Determine how many lines of the records include "Used", and answer with the number alone.

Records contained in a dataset
=== Begin Enclosure ===
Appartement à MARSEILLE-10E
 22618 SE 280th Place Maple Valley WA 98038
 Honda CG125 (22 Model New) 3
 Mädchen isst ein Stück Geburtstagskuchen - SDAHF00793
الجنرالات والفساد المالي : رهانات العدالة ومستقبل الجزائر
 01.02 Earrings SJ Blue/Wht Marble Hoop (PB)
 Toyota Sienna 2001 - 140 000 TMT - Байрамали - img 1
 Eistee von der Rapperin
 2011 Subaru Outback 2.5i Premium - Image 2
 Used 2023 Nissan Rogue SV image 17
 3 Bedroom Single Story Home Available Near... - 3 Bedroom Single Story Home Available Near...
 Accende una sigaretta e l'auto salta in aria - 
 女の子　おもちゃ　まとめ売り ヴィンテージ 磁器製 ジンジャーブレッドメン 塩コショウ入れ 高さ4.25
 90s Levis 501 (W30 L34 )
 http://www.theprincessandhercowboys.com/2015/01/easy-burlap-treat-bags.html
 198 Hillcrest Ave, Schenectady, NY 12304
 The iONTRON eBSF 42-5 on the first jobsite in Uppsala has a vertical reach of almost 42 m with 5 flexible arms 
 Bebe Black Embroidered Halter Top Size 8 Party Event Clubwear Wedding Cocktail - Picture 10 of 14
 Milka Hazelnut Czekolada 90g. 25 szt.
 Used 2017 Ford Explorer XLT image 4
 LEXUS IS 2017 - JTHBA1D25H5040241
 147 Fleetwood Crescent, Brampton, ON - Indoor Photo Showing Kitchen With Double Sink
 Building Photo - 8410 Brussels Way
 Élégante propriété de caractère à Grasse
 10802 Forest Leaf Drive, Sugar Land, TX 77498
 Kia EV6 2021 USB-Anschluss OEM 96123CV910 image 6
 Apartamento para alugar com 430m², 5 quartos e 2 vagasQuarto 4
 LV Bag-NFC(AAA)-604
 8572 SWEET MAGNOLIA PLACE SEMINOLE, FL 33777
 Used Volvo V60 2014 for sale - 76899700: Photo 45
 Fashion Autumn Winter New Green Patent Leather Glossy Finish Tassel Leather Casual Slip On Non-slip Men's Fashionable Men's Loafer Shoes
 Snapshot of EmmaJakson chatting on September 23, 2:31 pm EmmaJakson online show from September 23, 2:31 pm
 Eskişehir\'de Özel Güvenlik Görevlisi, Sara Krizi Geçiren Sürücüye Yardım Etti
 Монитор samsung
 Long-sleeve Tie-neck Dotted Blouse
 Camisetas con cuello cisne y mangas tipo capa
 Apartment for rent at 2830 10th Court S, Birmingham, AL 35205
=== End Enclosure ===
■ Solved problem: 3